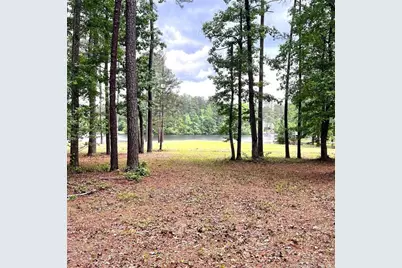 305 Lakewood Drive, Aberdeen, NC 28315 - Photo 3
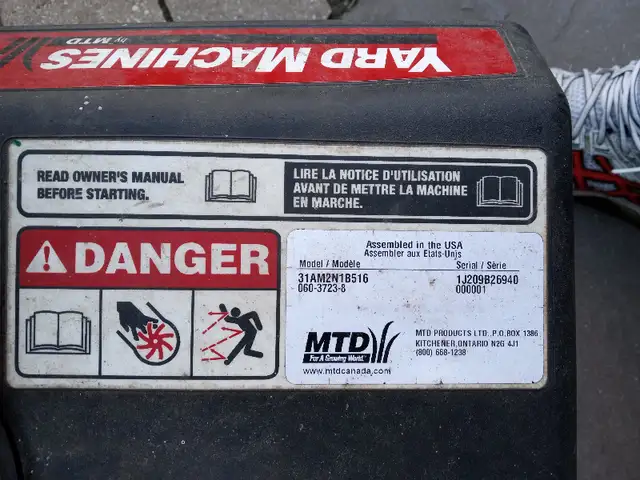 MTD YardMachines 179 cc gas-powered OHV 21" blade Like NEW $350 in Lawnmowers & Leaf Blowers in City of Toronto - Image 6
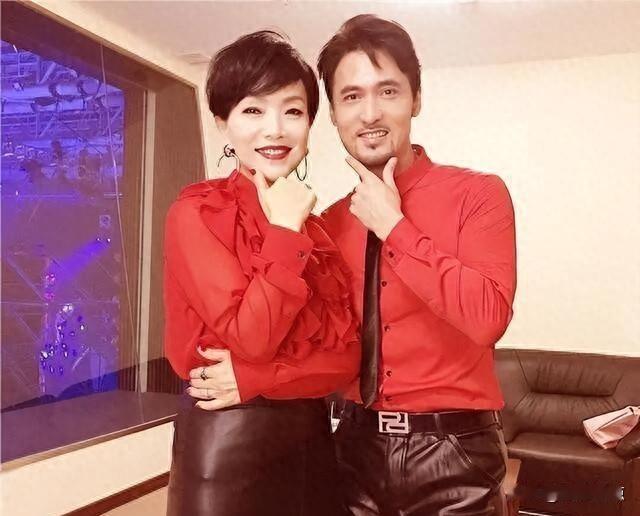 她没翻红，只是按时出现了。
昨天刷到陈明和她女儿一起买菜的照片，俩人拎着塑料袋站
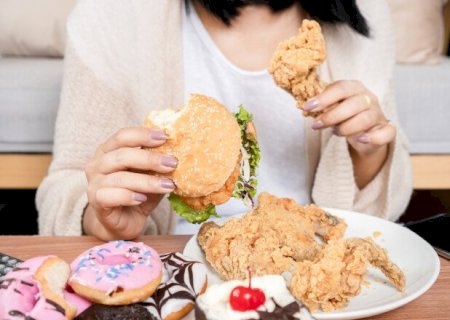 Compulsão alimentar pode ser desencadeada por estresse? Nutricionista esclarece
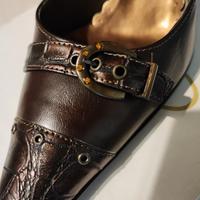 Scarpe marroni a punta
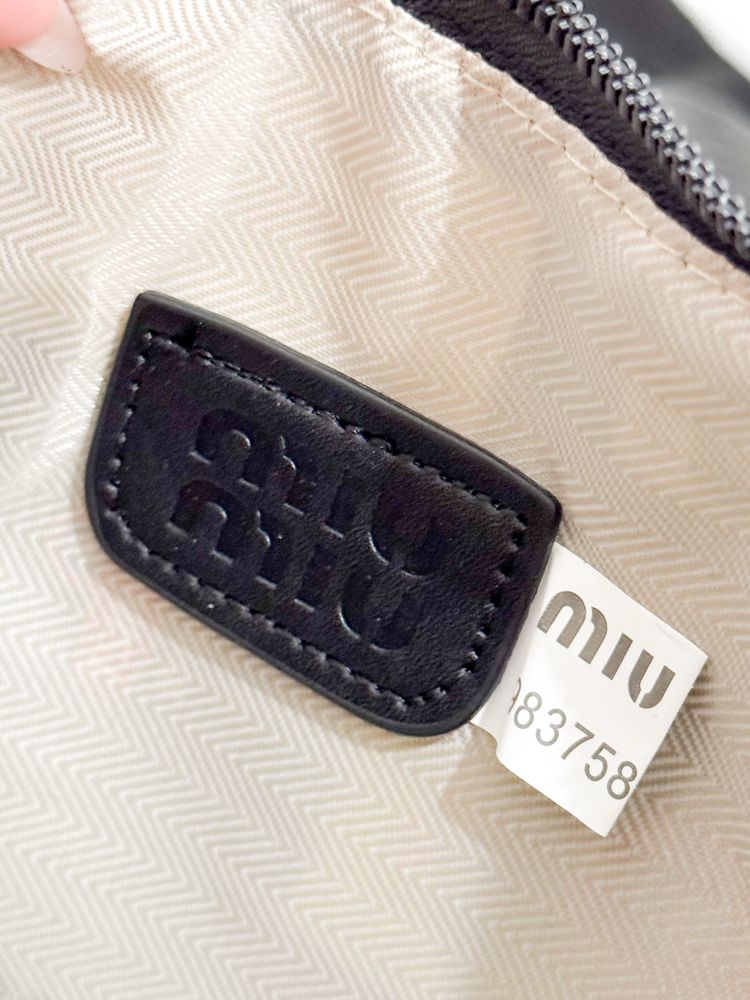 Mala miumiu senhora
-------
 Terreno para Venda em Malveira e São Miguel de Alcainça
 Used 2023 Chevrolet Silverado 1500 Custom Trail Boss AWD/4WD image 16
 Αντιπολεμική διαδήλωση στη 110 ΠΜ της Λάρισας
-------
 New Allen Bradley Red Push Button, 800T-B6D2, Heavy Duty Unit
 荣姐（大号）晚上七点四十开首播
-------
### EXERCISE PROMPT
Print the part of the listing above that opens with the line containing "305 Lakewood Drive, Aberdeen, NC" and closes with the line containing "Compulsão alimentar pode". Copy it exactly, both ends included, and omit the pictures.

### FINISHED TASK
 305 Lakewood Drive, Aberdeen, NC 28315 - Photo 3
 MTD YardMachines 179 cc gas-powered OHV 21" blade Like NEW $350 in Lawnmowers & Leaf Blowers in City of Toronto - Image 6
 她没翻红，只是按时出现了。
昨天刷到陈明和她女儿一起买菜的照片，俩人拎着塑料袋站
 Compulsão alimentar pode ser desencadeada por estresse? Nutricionista esclarece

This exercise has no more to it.